Assignment>
Repeat the data as given. Images do not go in the copy.
======== Given information
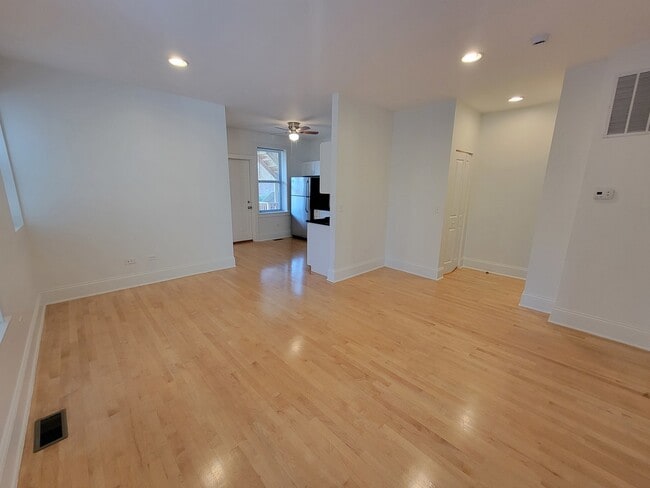 Foto del edificio - 3257 W Pierce Ave
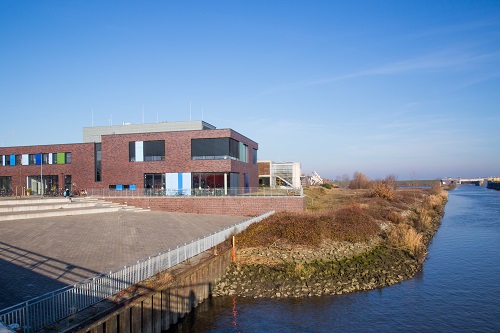 Außenansicht der Bibliothek Elsfleth von der Hunte aus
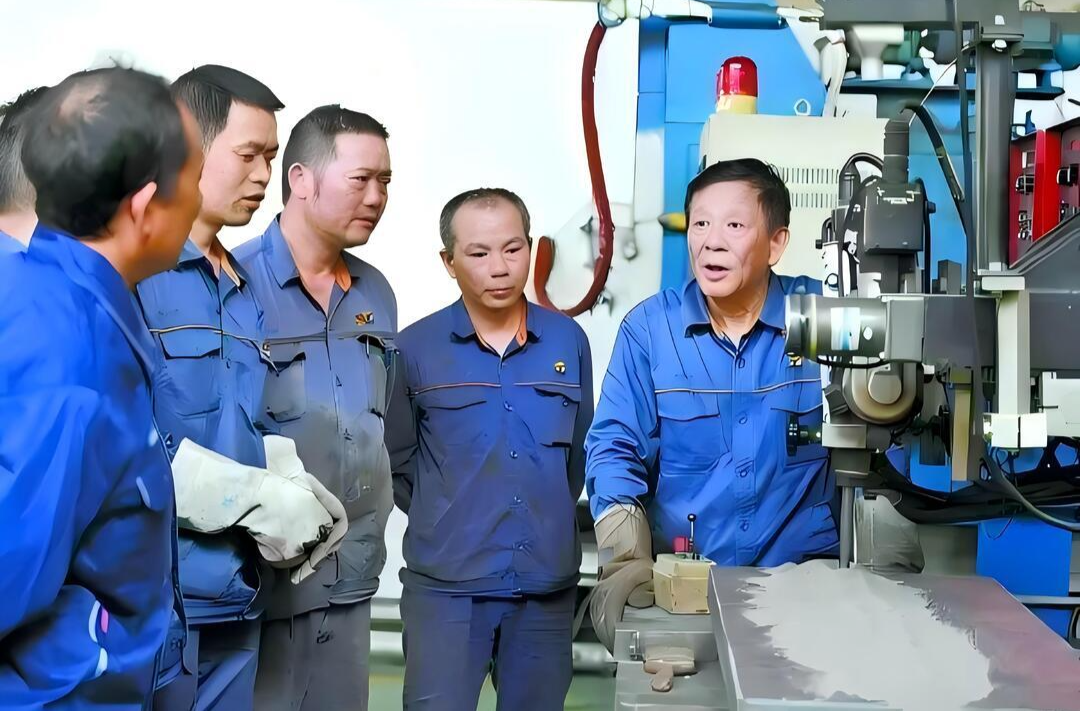 艾爱国的AI新征程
================
Solution to this problem>
 Foto del edificio - 3257 W Pierce Ave
 Außenansicht der Bibliothek Elsfleth von der Hunte aus
 艾爱国的AI新征程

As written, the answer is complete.